Psychotherapist Katherine Crowley and business consultant Kathi Elster attempt to assuage the office rage with helpful tips and insights in their book Working with You is Killing Me: Freeing Yourself from Emotional Traps at Work, published by Warner Business Books.
Over 232 pages, the pair comment on the ubiquitous, quotidian problems involving incompetent colleagues, petulant bosses, and disputatious underlings.
They promise techniques to help “detach from annoying coworkers whose irritating habits ruin the day,” “defend yourself from idea-pilfering rivals” and “manage an ill-tempered boss before he or she explodes.”
Primarily, the book attempts to teach the practice of “unhooking,” after one finds that they have become “hooked” when a workplace members starts to get under the skin. The
“unhooking” practice involves a physical, mental, verbal, and business tool component. The precise avatar these unhooking activities take depends on the situation, but one may find themselves practicing deep breathing, self coaching, clever ripostes, and e-mail clarification, for example.
The authors present many anecdotes involving unruly bosses and coworkers and some tips for handing each of the situations, along with a worksheet where one can work through their own problem, using the authors’ techniques.
Psychology reigns supreme in later chapters, including “If the Role Fits, You Don’t Have to Wear It.” There, the authors describe a pastiche of personalities, including the hero, the caretaker, the rebel/scapegoat, the martyr, the entertainer, the peacemaker, and the invisible one. The authors stress figuring out which role one plays and studying the corresponding “unhooking actions” associated with each role.
This type of psychological exercise continues in “Haven’t We Met Before? Fatal Attractions at Work” with the exploder, the empty pit, the saboteur, the pedestal smasher, and the chip on the shoulder. This chapter, however, concerns those personalities that often antagonize others at work and how to handle them—for each they present a strategy for detecting, detaching, depersonalizing, and dealing.

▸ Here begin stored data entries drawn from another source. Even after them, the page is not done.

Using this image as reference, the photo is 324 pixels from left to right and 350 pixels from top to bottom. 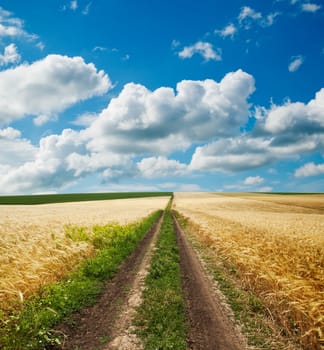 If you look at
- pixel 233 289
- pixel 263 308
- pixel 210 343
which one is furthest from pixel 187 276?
pixel 210 343

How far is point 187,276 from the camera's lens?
35.7 ft

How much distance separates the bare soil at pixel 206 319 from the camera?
5973 mm

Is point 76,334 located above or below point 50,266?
below

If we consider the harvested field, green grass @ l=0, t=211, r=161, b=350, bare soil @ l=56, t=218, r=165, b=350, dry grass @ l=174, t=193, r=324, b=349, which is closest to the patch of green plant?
bare soil @ l=56, t=218, r=165, b=350

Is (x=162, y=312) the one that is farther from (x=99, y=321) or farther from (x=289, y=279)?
(x=289, y=279)

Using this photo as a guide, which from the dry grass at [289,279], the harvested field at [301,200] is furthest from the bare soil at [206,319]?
the harvested field at [301,200]

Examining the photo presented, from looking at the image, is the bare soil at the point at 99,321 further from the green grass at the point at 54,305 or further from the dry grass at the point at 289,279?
the dry grass at the point at 289,279

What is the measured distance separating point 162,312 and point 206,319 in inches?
45.5

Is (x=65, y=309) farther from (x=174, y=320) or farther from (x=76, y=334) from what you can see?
(x=174, y=320)

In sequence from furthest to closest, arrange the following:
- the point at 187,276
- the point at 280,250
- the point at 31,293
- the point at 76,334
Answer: the point at 280,250 < the point at 187,276 < the point at 31,293 < the point at 76,334

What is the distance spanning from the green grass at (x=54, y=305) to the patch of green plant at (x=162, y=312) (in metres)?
1.81

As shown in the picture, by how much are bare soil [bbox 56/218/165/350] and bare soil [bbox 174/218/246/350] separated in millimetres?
1886

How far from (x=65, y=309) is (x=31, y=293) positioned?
1.34 metres

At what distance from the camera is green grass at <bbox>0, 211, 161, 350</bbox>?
19.4 feet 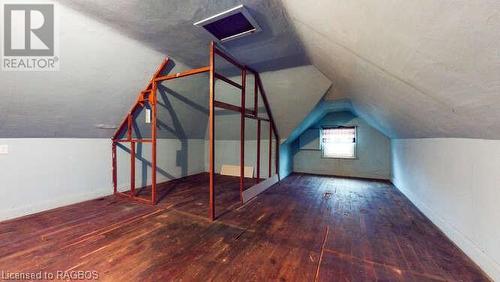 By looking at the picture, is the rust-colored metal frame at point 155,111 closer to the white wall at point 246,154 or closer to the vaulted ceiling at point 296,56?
the vaulted ceiling at point 296,56

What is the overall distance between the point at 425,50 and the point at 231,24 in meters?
1.98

The most interesting chapters come at the end. Specifically, the authors provide a chapter entitled “Managing Up—Taking Control,” which details the practice of “managing the people in positions of authority above you.” Novel and useful, the authors employ a variety of techniques to empower the employed to take the onus off management in the quest for a better, more efficient working environment.
Citing the prevalence of poor managers and the varied reasons responsible for their ascension to power, the authors details a number of non aggressive strategies for building a better (and less irritating) relationship with bosses, including some well worded questions, some logistical practices, and some promising principles of action.

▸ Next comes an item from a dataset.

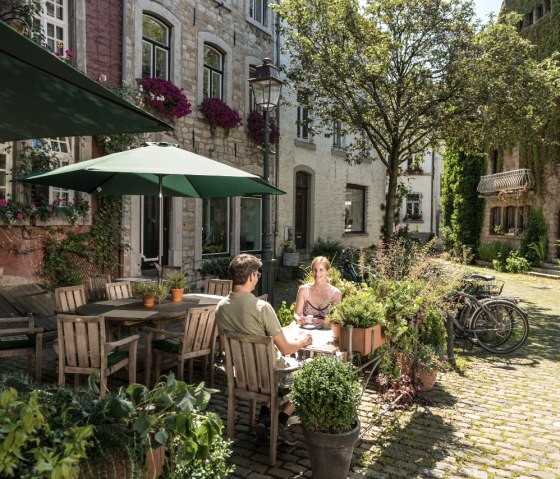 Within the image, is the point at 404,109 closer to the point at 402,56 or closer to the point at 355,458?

The pair give managers similar schooling in “Managing Down—Business Parenting” and recite a few cold, hard facts like “employees will test their environment” and other compassion-inducing psychology lessons.

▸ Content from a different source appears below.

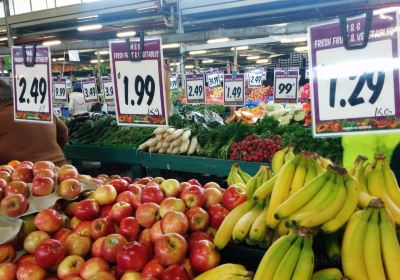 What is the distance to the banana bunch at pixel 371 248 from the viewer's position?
52.4 inches

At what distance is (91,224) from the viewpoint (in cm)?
212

From the chronically late to the cynic (and even the thief) the book provides a strategy for dealing with each, with a focus on business tools and an understanding of the psychology of the troublesome employee.
Without a doubt, there will be some scenario in this book with which anyone can identify. And although I found some of the labeling methodology (the hero, the martyr, etc.) to be a little too limiting to encapsulate many situations, the information is helpful nonetheless.
I was most impressed with the positive approaches presented for managing a hierarchical relationship (e.g. boss-employee and vice versa). I thought the information presented was both fair and constructive.
Of course, in the end, having successful relationships at work essentially centers around controlling one’s attitude and reactions and fostering productive, benevolent communication. Here, the authors add some insights to the process and present some real-world examples to apply it.
It’s noteworthy, as well, that they authors admit that sometimes it’s best to jump ship and find a more copasetic corporate culture. They concede that some situations aren’t fixable and some people are just incorrigible.
Overall, this book will likely provide a new lens for navigating problems in the workplace, and supply a little hope for the process.